I make an extract with alcohol.  It is the best thing for stomachache.  I tried to cover fresh mint with vinegar to use as fabric softener but it had not infuse so well.  Then I dry some for the tea, my grandchild is a bit too young for my extracts,  Must be 12.  Dehydrator is a good idea


----------



## Susie (Oct 20, 2015)

My favorite mint is what we call "yard mint".  I got a piece from my ex MIL.  It is not peppermint, spearmint, or any other known species, but it has a good strong mint flavor that holds well in most uses.  I just transplanted a whole pot to a raised flowerbed.  It should have it covered before long.


----------



## Arimara (Oct 20, 2015)

Susie said:


> My favorite mint is what we call "yard mint".  I got a piece from my ex MIL.  It is not peppermint, spearmint, or any other known species, but it has a good strong mint flavor that holds well in most uses.  I just transplanted a whole pot to a raised flowerbed.  It should have it covered before long.

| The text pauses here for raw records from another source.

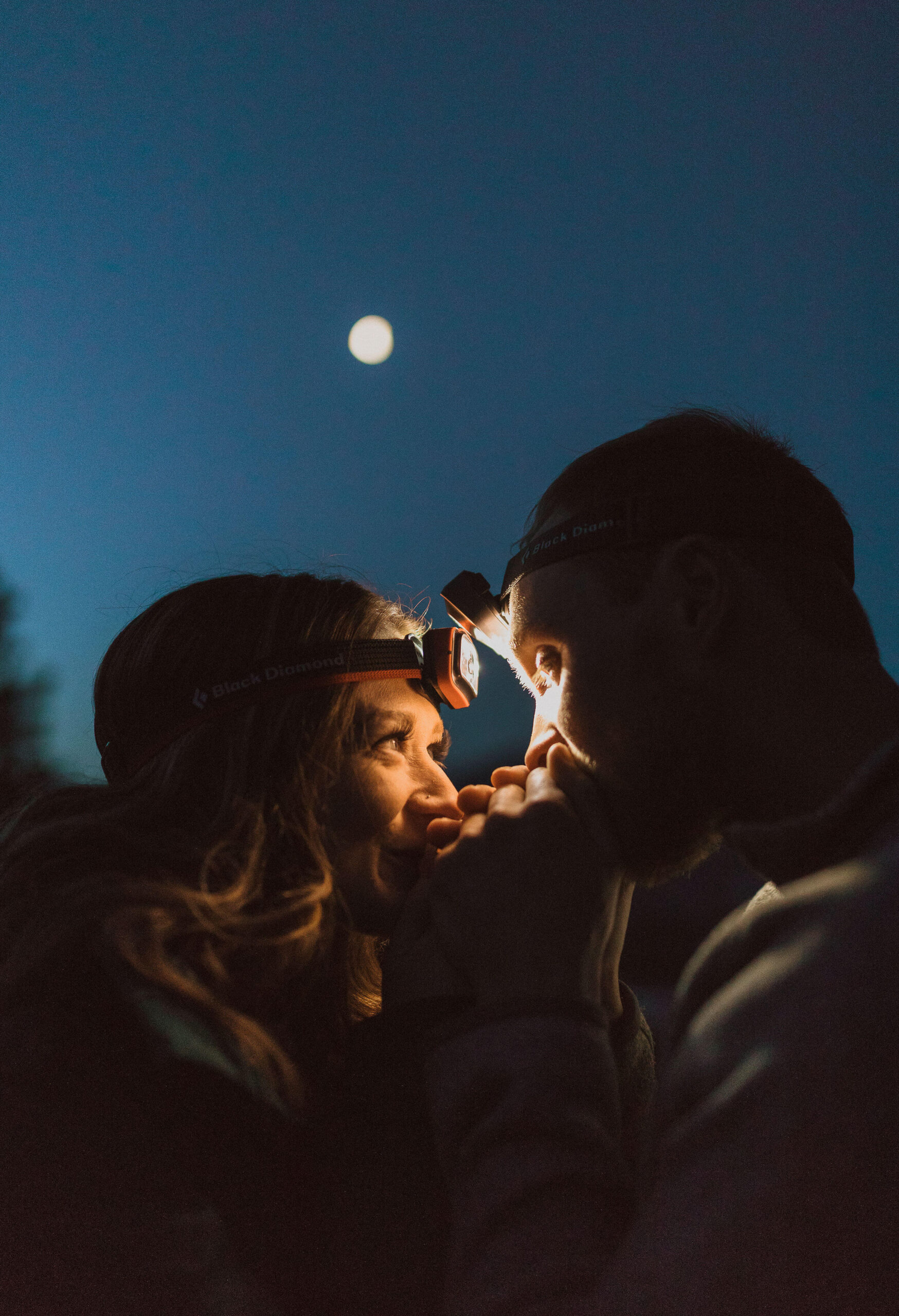 elopement couple looking at eachother in the dark with headlamps on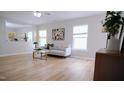 Bright living room with stylish decor, wood floors and large windows at 3021 Remington Oaks Cir, Cary, NC 27519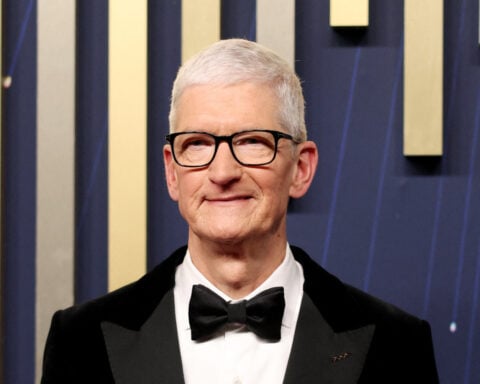 Braving Trump, Apple's Tim Cook promises to boost China investment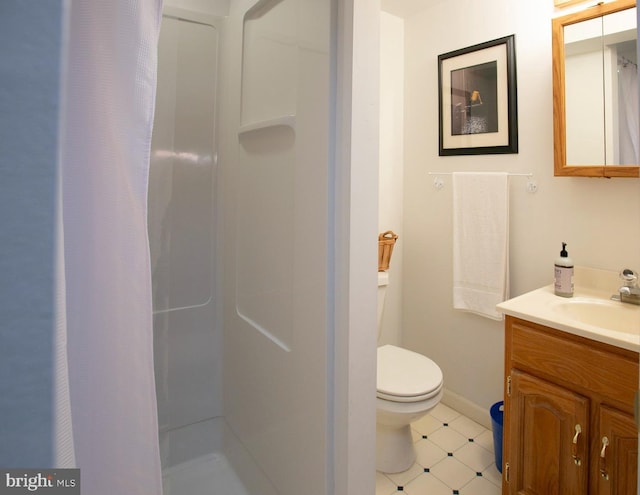 full bath with a shower with shower curtain, tile patterned floors, vanity, toilet, and baseboards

I know what you mean. I think that's the mint that grows in the back yard. It's mighty strong and makes great mojitos, even with rum.


----------



## Susie (Oct 20, 2015)

And once it gets started in a patch of ground, it is almost impossible to kill.


----------



## Arimara (Oct 20, 2015)

That's plenty of herbs for you: aggressive.


----------



## coffeetime (Oct 20, 2015)

Obsidian said:


> Any of you grow chocolate mint? It's not actually chocolate flavored but its the best mint I've tried. I have peppermint, spearmint, orange mint, ginger mint and chocolate mint. The orange and ginger isn't fit to eat.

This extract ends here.